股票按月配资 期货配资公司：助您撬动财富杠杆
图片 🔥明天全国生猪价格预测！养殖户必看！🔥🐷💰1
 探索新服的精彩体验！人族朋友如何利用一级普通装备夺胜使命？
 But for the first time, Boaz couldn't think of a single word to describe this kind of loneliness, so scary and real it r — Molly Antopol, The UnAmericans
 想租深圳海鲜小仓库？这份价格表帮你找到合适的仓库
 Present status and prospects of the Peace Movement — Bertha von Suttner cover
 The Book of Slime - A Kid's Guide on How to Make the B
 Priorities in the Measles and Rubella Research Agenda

- [Exercise instructions]
Could you copy the listing above word for word?

- [Result of this task]
股票按月配资 期货配资公司：助您撬动财富杠杆
图片 🔥明天全国生猪价格预测！养殖户必看！🔥🐷💰1
 探索新服的精彩体验！人族朋友如何利用一级普通装备夺胜使命？
 But for the first time, Boaz couldn't think of a single word to describe this kind of loneliness, so scary and real it r — Molly Antopol, The UnAmericans
 想租深圳海鲜小仓库？这份价格表帮你找到合适的仓库
 Present status and prospects of the Peace Movement — Bertha von Suttner cover
 The Book of Slime - A Kid's Guide on How to Make the B
 Priorities in the Measles and Rubella Research Agenda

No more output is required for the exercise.